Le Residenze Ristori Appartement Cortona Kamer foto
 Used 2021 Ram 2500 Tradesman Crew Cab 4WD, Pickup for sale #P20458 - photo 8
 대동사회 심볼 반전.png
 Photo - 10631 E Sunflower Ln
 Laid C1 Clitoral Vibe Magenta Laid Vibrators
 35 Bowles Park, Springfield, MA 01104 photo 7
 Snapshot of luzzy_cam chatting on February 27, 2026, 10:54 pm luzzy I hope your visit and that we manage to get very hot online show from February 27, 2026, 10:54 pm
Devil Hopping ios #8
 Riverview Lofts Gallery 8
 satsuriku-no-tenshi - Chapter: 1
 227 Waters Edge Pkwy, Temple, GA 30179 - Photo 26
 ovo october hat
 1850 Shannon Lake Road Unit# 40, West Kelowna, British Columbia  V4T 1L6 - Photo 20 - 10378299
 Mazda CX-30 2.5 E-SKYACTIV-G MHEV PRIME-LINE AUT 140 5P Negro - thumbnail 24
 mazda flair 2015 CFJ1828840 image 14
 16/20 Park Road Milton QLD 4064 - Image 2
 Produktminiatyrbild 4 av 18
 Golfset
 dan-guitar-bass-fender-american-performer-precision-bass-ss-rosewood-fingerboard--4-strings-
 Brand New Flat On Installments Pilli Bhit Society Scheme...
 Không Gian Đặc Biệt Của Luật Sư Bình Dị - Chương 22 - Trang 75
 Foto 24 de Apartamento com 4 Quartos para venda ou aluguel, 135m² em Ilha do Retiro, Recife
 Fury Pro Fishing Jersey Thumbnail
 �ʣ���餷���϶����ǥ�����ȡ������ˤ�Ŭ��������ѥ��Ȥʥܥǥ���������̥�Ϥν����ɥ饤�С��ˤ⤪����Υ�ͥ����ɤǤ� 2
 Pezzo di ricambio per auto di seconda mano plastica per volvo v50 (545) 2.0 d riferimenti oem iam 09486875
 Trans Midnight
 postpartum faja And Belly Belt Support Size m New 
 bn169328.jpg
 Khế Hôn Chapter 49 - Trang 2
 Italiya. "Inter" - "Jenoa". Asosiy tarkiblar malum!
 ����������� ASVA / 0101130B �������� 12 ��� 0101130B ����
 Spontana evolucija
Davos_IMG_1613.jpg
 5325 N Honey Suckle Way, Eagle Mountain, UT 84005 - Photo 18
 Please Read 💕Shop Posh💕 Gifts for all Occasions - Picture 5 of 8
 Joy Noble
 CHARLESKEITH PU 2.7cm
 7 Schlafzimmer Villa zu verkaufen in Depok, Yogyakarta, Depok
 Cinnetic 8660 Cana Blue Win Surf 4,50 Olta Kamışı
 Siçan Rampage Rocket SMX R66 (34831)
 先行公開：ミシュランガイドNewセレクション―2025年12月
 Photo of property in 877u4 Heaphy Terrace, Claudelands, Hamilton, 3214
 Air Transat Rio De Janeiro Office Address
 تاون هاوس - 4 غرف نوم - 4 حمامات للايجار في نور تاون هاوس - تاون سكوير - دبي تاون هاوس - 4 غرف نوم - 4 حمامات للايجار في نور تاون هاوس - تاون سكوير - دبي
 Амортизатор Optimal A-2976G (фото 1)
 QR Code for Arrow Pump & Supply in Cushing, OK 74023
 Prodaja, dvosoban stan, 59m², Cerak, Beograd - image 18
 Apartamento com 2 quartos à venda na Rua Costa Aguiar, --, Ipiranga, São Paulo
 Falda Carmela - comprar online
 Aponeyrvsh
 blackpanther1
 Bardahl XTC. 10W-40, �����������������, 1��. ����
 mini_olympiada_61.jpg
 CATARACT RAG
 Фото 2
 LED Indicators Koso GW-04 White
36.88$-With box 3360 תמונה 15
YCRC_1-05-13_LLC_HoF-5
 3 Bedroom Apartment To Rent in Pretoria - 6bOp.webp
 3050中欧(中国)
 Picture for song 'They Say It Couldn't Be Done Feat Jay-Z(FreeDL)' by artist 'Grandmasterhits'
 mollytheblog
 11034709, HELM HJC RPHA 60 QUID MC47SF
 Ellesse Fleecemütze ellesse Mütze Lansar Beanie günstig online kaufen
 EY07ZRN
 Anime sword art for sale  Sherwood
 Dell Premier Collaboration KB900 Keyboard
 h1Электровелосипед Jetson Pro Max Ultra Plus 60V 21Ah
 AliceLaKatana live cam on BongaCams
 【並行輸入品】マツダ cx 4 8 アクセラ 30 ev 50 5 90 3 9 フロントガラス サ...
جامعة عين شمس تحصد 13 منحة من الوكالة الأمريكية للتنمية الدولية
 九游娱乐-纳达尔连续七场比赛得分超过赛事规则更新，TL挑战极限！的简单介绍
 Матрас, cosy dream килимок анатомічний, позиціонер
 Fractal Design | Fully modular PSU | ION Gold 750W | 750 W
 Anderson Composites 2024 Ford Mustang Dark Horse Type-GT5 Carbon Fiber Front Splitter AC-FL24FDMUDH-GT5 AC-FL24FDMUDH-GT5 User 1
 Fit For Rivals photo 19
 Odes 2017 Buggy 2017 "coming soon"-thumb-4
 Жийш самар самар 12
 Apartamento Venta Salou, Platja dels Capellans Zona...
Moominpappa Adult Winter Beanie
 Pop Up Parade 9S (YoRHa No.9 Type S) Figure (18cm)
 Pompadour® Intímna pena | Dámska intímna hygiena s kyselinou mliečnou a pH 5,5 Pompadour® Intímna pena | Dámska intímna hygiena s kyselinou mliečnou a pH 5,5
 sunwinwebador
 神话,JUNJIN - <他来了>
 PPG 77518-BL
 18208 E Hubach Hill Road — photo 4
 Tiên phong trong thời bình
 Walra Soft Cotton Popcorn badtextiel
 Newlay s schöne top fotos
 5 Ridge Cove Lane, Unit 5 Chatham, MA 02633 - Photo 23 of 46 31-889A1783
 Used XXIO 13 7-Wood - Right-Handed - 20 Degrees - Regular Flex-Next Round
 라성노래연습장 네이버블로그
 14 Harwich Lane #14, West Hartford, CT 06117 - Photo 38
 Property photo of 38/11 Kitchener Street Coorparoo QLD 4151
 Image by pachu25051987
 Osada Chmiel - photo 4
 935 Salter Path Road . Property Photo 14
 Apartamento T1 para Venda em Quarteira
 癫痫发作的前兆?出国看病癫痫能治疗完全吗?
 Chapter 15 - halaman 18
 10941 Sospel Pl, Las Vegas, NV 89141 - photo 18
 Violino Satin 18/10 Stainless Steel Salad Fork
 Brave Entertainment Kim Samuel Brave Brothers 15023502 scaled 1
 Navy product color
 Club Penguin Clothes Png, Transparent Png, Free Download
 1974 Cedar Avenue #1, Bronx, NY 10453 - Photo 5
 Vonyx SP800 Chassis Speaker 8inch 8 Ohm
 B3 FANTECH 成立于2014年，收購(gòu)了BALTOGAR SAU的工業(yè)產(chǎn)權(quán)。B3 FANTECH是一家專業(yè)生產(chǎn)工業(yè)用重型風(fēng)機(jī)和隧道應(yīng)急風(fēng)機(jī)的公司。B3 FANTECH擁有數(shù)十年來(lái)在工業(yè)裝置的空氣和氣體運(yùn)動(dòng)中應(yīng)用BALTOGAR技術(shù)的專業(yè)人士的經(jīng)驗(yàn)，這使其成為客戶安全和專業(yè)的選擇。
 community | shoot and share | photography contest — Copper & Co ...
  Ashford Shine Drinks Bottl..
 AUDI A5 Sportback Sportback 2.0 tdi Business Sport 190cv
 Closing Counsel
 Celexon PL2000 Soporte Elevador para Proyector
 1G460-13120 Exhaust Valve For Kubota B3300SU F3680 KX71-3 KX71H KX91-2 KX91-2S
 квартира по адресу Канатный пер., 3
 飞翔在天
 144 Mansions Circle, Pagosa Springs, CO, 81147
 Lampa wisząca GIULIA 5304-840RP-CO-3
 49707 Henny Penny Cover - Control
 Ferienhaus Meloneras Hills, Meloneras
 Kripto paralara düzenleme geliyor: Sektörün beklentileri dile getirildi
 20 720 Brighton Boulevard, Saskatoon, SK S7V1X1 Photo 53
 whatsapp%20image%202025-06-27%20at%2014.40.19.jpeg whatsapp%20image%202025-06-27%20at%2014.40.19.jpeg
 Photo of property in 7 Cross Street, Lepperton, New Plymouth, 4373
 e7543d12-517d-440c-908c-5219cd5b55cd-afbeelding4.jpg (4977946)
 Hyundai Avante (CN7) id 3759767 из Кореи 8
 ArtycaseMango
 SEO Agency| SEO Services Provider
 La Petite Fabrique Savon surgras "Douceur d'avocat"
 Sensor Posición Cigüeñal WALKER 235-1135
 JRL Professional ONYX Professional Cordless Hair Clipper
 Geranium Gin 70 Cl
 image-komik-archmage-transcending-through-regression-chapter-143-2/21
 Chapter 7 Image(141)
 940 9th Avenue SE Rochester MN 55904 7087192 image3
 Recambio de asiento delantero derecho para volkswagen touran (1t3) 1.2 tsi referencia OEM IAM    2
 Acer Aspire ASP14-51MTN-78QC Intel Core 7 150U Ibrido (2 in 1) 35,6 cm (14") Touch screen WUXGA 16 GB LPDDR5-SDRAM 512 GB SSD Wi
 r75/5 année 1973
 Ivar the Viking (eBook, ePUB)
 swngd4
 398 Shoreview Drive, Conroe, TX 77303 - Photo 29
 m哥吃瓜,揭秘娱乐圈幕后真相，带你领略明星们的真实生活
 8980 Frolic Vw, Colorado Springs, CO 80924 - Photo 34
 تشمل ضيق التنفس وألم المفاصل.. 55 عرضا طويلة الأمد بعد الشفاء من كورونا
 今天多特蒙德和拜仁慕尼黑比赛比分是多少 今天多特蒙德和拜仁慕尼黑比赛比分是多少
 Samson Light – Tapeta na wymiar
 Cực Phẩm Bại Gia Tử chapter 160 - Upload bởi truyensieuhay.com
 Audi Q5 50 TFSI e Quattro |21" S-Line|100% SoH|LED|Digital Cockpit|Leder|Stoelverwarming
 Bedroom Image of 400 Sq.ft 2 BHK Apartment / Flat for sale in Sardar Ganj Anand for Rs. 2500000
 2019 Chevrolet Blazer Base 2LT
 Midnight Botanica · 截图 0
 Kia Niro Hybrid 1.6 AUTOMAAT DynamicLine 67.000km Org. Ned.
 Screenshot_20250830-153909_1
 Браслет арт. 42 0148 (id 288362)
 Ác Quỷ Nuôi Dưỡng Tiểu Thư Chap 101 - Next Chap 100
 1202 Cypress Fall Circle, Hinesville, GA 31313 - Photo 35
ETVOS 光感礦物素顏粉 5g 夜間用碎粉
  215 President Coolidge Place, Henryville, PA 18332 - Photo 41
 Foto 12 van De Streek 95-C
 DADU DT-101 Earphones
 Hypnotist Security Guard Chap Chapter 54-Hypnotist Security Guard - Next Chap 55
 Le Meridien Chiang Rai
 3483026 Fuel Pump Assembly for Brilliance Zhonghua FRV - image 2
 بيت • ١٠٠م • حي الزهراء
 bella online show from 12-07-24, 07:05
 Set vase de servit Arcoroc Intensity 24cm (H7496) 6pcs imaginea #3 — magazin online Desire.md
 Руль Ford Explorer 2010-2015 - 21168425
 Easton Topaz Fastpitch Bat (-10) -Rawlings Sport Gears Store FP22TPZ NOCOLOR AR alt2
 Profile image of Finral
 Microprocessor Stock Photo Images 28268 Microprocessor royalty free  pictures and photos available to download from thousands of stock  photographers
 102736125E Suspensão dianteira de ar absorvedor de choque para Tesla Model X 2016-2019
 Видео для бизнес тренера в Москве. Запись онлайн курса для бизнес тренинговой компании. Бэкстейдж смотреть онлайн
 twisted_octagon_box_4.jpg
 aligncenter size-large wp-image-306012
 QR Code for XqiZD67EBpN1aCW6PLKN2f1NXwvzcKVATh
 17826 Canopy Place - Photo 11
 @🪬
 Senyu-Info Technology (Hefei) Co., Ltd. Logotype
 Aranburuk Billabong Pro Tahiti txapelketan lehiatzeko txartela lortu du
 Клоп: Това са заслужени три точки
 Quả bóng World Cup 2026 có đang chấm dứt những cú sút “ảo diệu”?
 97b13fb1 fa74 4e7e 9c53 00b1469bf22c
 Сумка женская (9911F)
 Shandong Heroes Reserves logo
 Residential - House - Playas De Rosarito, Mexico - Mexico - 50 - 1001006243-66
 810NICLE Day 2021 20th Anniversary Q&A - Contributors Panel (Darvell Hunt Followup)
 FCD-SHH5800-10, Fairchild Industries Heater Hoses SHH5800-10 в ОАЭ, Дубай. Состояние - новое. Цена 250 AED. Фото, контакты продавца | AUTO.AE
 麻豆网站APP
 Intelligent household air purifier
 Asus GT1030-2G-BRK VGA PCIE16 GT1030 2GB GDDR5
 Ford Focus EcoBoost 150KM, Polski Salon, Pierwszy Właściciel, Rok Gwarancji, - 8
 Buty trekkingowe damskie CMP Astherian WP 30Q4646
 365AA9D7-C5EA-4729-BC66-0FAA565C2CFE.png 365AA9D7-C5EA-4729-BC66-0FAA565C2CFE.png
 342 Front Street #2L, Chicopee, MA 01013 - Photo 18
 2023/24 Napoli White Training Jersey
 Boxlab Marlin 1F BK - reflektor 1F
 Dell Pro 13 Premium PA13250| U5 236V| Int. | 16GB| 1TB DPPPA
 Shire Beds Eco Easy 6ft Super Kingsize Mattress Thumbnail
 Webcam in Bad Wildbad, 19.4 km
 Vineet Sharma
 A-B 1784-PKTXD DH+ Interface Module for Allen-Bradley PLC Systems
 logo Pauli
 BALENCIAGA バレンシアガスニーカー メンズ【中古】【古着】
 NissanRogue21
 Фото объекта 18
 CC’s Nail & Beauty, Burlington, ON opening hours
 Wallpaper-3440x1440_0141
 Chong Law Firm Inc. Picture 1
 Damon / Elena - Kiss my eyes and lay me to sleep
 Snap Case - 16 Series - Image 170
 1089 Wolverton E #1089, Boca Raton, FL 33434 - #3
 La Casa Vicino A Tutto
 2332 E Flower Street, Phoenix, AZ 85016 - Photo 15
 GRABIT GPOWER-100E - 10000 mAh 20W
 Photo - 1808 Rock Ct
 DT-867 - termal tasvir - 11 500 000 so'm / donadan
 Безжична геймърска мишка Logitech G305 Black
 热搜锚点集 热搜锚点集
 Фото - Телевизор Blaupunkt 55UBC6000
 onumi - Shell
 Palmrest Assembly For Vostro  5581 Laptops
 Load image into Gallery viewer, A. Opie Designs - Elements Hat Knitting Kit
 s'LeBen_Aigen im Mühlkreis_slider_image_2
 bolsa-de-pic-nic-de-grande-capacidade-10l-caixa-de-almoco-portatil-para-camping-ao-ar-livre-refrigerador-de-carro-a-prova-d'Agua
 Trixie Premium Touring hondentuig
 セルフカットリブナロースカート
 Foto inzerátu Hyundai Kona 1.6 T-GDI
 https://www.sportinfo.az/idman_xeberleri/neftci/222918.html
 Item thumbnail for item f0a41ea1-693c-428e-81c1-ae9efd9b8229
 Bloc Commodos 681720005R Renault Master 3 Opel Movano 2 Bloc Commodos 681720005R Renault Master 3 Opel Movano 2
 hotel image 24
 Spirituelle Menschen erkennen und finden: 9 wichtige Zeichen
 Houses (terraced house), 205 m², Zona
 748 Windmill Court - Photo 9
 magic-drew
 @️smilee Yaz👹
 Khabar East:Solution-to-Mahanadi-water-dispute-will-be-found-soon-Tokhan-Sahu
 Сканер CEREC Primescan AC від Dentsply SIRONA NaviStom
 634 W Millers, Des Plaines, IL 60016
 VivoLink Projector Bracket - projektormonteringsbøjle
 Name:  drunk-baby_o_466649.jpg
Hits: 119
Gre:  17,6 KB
• • • • • • •
WHAT YOU WILL DO:
Using the records above, copy every line that has the word "Front" in it.

TASK OUTPUT:
 Anderson Composites 2024 Ford Mustang Dark Horse Type-GT5 Carbon Fiber Front Splitter AC-FL24FDMUDH-GT5 AC-FL24FDMUDH-GT5 User 1
 342 Front Street #2L, Chicopee, MA 01013 - Photo 18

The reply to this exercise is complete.